University of Wisconsin–Madison faculty and instructional staff are constantly striving for new, more effective ways to reach “Internet generation” students. Today’s learners are at home in the electronic age: The average 13- to 17-year-old now spends three and a half hours per day on digital media (Internet, games, listening to digital music), according to EDUCAUSE, a nonprofit association whose mission is to advance higher education by promoting the intelligent use of information technology.

The Division of Information Technology (DoIT) has responded to this need by granting 80 Engage Awards to help UW–Madison instructors integrate podcasting into their teaching efforts. The awards included $800 and up to 10 hours of instructional technology support.

Podcasting is transforming both student and faculty learning and is providing unprecedented mobility for anytime, anywhere learning. UW–Madison faculty are using their podcasting awards this spring and fall to

  • provide portable access to course sound files (e.g., bird songs, historical speeches, music performance demonstrations);
  • elaborate on concepts and provide summaries of research results in class (e.g., interview experts, explain new examples, relevant research findings);
  • combine pedagogy and entertainment into new lessons for foreign language, such as mock radio shows and interviews with celebrities in the target language; and
  • give tips on completing assignments or preparing for class activities.

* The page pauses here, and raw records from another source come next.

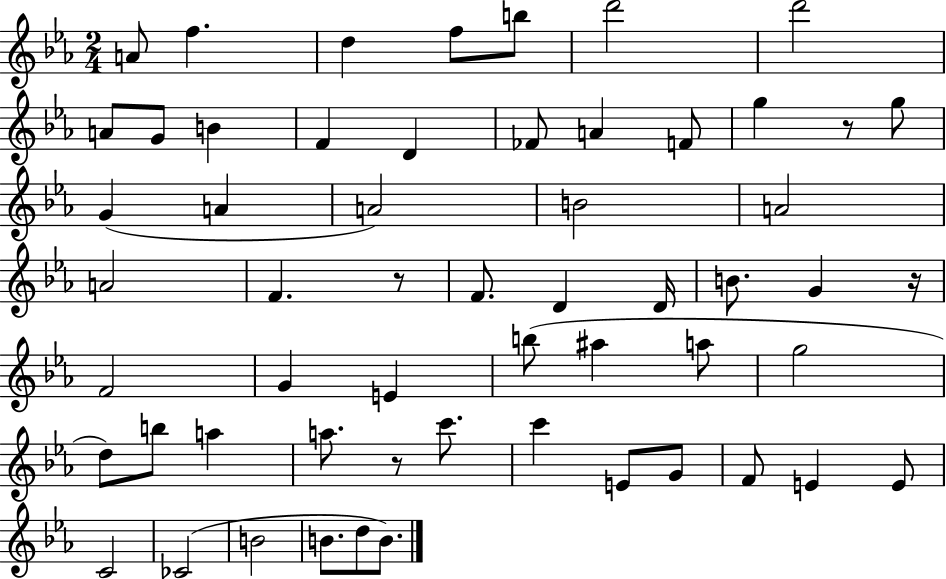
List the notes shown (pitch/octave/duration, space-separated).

A4/e F5/q. D5/q F5/e B5/e D6/h D6/h A4/e G4/e B4/q F4/q D4/q FES4/e A4/q F4/e G5/q R/e G5/e G4/q A4/q A4/h B4/h A4/h A4/h F4/q. R/e F4/e. D4/q D4/s B4/e. G4/q R/s F4/h G4/q E4/q B5/e A#5/q A5/e G5/h D5/e B5/e A5/q A5/e. R/e C6/e. C6/q E4/e G4/e F4/e E4/q E4/e C4/h CES4/h B4/h B4/e. D5/e B4/e.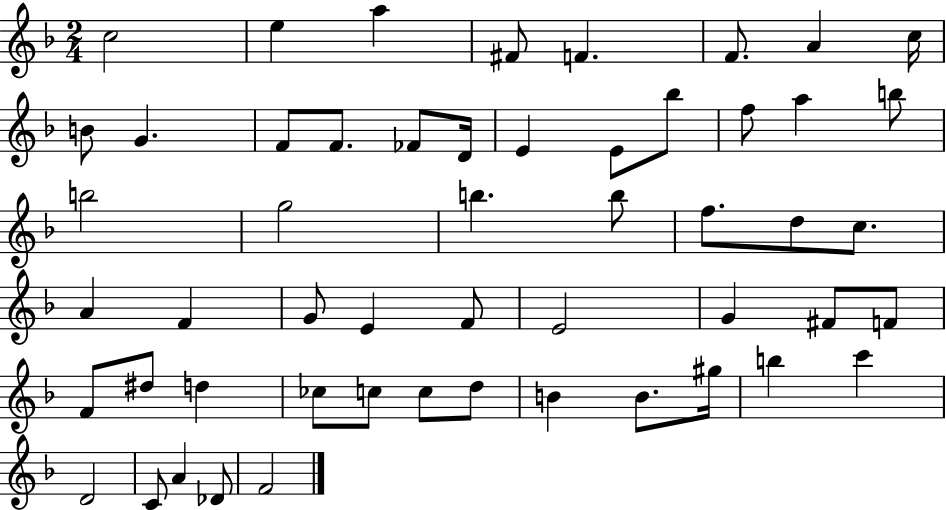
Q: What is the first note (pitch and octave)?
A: C5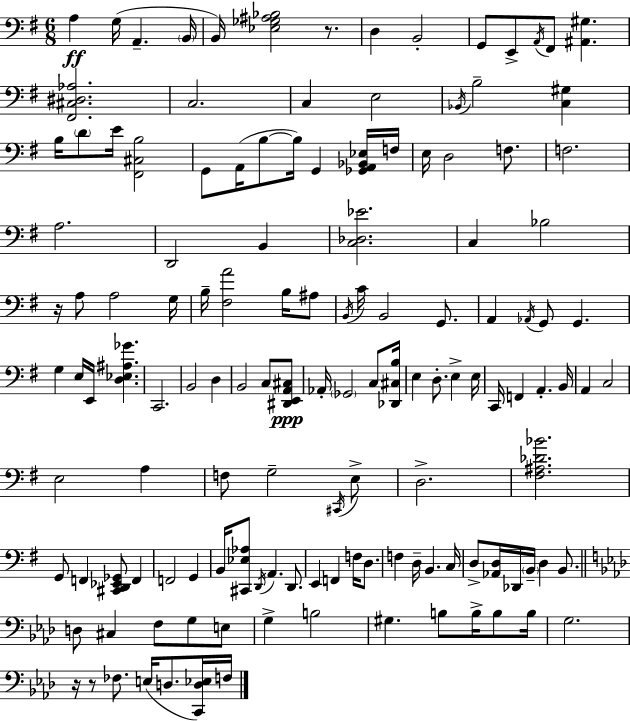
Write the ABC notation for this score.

X:1
T:Untitled
M:6/8
L:1/4
K:G
A, G,/4 A,, B,,/4 B,,/4 [_E,_G,^A,_B,]2 z/2 D, B,,2 G,,/2 E,,/2 A,,/4 ^F,,/2 [^A,,^G,] [^F,,^C,^D,_A,]2 C,2 C, E,2 _B,,/4 B,2 [C,^G,] B,/4 D/2 E/4 [^F,,^C,B,]2 G,,/2 A,,/4 B,/2 B,/4 G,, [_G,,A,,_B,,_E,]/4 F,/4 E,/4 D,2 F,/2 F,2 A,2 D,,2 B,, [C,_D,_E]2 C, _B,2 z/4 A,/2 A,2 G,/4 B,/4 [^F,A]2 B,/4 ^A,/2 B,,/4 C/4 B,,2 G,,/2 A,, _A,,/4 G,,/2 G,, G, E,/4 E,,/4 [D,_E,^A,_G] C,,2 B,,2 D, B,,2 C,/2 [^D,,E,,A,,^C,]/2 _A,,/4 _G,,2 C,/2 [_D,,^C,B,]/4 E, D,/2 E, E,/4 C,,/4 F,, A,, B,,/4 A,, C,2 E,2 A, F,/2 G,2 ^C,,/4 E,/2 D,2 [^F,^A,_D_B]2 G,,/2 F,, [^C,,D,,_E,,_G,,]/2 F,, F,,2 G,, B,,/4 [^C,,_E,_A,]/2 D,,/4 A,, D,,/2 E,, F,, F,/4 D,/2 F, D,/4 B,, C,/4 D,/2 [_A,,D,]/4 _D,,/4 B,,/4 D, B,,/2 D,/2 ^C, F,/2 G,/2 E,/2 G, B,2 ^G, B,/2 B,/4 B,/2 B,/4 G,2 z/4 z/2 _F,/2 E,/4 D,/2 [C,,D,_E,]/4 F,/4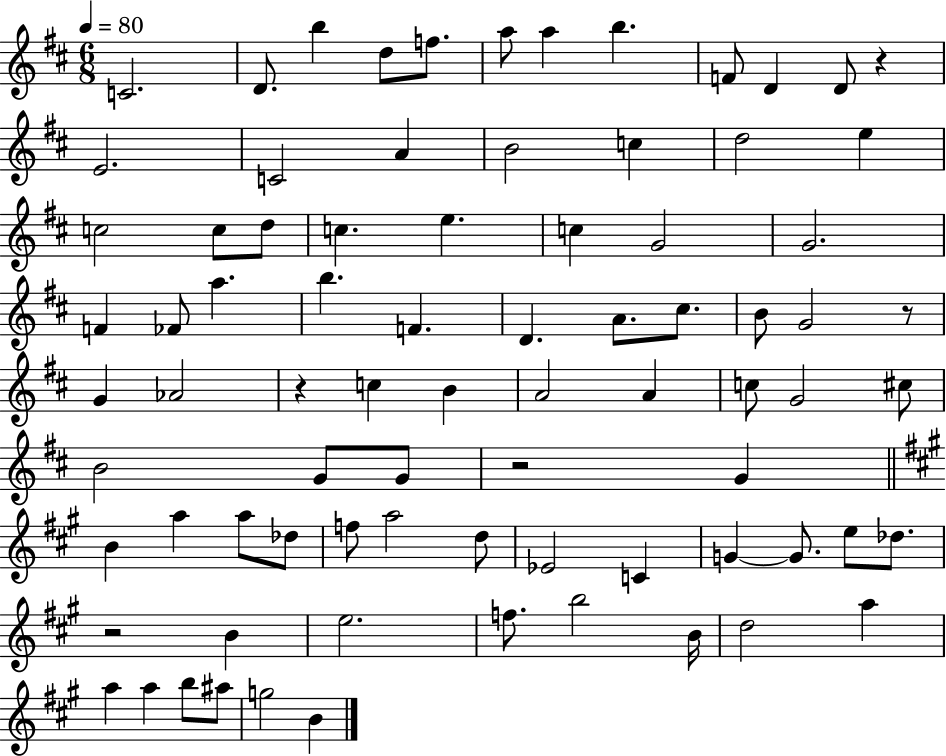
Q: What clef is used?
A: treble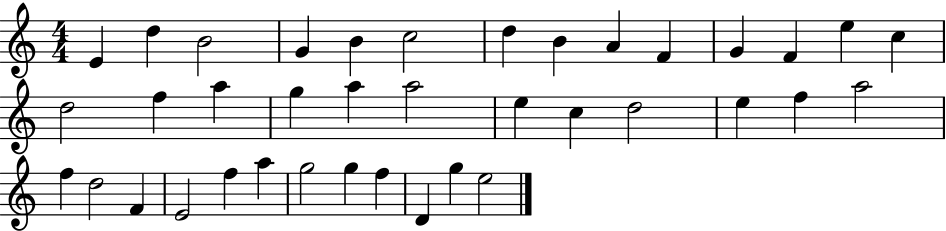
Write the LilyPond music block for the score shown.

{
  \clef treble
  \numericTimeSignature
  \time 4/4
  \key c \major
  e'4 d''4 b'2 | g'4 b'4 c''2 | d''4 b'4 a'4 f'4 | g'4 f'4 e''4 c''4 | \break d''2 f''4 a''4 | g''4 a''4 a''2 | e''4 c''4 d''2 | e''4 f''4 a''2 | \break f''4 d''2 f'4 | e'2 f''4 a''4 | g''2 g''4 f''4 | d'4 g''4 e''2 | \break \bar "|."
}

“There’s something more personal, more direct about hearing a professor’s voice on a podcast that you don’t always get in a large lecture hall with several hundred other students,” says Erin Lee Lesselyoung, a fourth-year art major.

Podcasting is a technology that makes it easy to deliver and receive digital audio files. Podcasts are often spoken-word recordings created by instructors to augment learning, but they can also be other audio recordings such as biological sounds or musical demonstrations. Instuctors place audio files on a Web server, and listeners use the same methods they use for accessing digital music to download and listen to podcasts on an MP3 player or computer.